Oonah Shannahan

Personal information
- Full name: Oonah Fay Shannahan (Née: Murray)
- Born: 3 September 1921 Dunedin, New Zealand
- Died: 28 September 2022 (aged 101) Christchurch, New Zealand
- Height: 1.74 m (5 ft 9 in)

Netball career
- Playing positions: C, WA
- Years: National team / Caps
- 1948: New Zealand / 1

= Oonah Shannahan =

New Zealand netball player (1921–2022)

Oonah Fay Shannahan ( Murray; 3 September 1921 – 28 September 2022) was a New Zealand netball player. She captained the New Zealand team in their second Test match, in 1948 against Australia.

==Early life==
Shannahan was born Oonah Fay Murray in Dunedin on 3 September 1921, one of five children of Frederick Joseph Murray and Margaret Murray. Her father worked on the railways, and the family moved to Taihape for five years before settling in Christchurch. She was educated at Sacred Heart Girls' College in Christchurch, where she excelled at sports, winning the senior athletics championship in 1937 and 1938.

==Netball career==
Murray was captain of the Canterbury provincial netball team, and in 1948 she was selected as captain of the New Zealand national team for the first Test against the touring Australian team at Forbury Park in Dunedin. The match was played under international rules, with seven players per side, which were unfamiliar to the New Zealanders who were used to playing nine-a-side. The Australian team was victorious, winning 27–16. The match was the only occasion on which Murray represented New Zealand, because the New Zealand side for the three-Test series was selected on a regional basis, and she was unavailable for the final game as it conflicted with the wedding of Murray's sister.

==Later life and death==
Oonah Murray married Francis John Shannahan, a New Zealand secondary schools association football representative that toured Australia in 1938. The couple had two children, and he died in 2009.

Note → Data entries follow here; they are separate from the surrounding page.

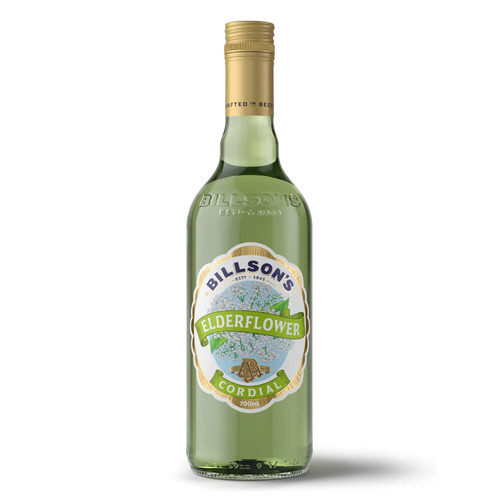 Billson's Elderflower  Cordial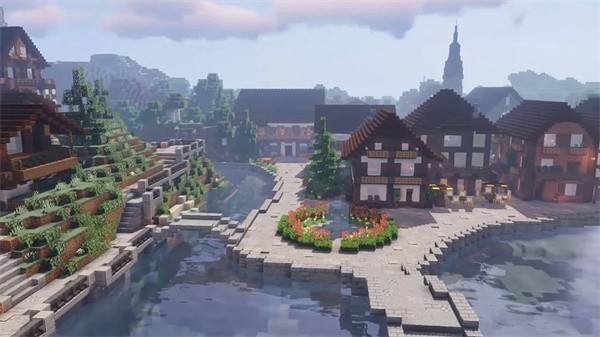 建造方塊沙盒世界 v1.0.0 安卓版 1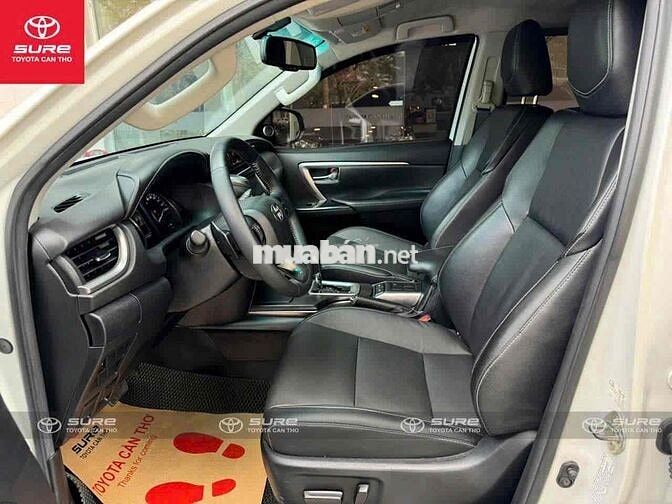Toyota Fortuner 2022 Trắng 141.000 km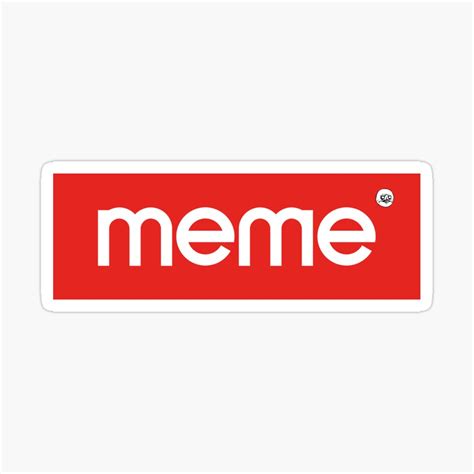 Supreme Logo Meme Ubicaciondepersonascdmxgobmx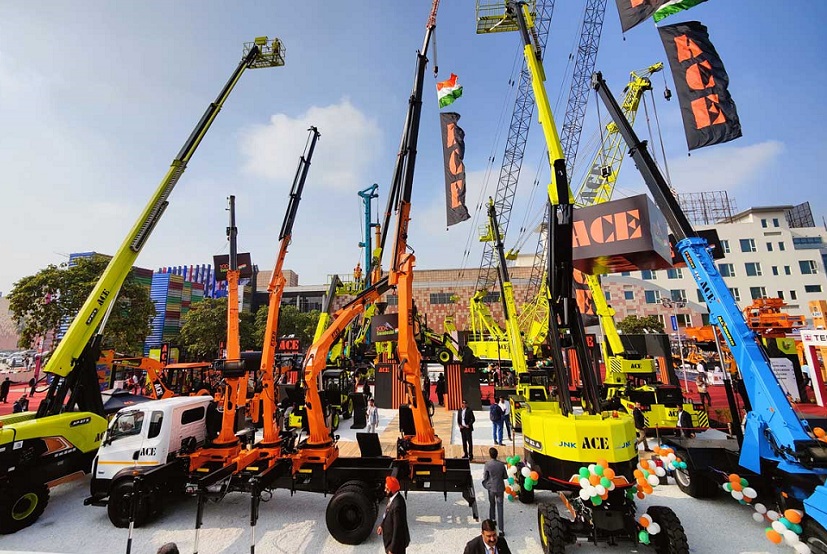 2026印度新德里工程机械展-印度宝马展（Bauma Conexpo India 2026）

After her playing career, Shannahan continued her involvement in netball as an administrator, and she received a Netball New Zealand service award. She lived with her daughter at McCormacks Bay, and celebrated her 100th birthday on 3 September 2021. She died in Christchurch on 28 September 2022, at the age of 101. At the time of her death, she was the oldest living New Zealand netball international.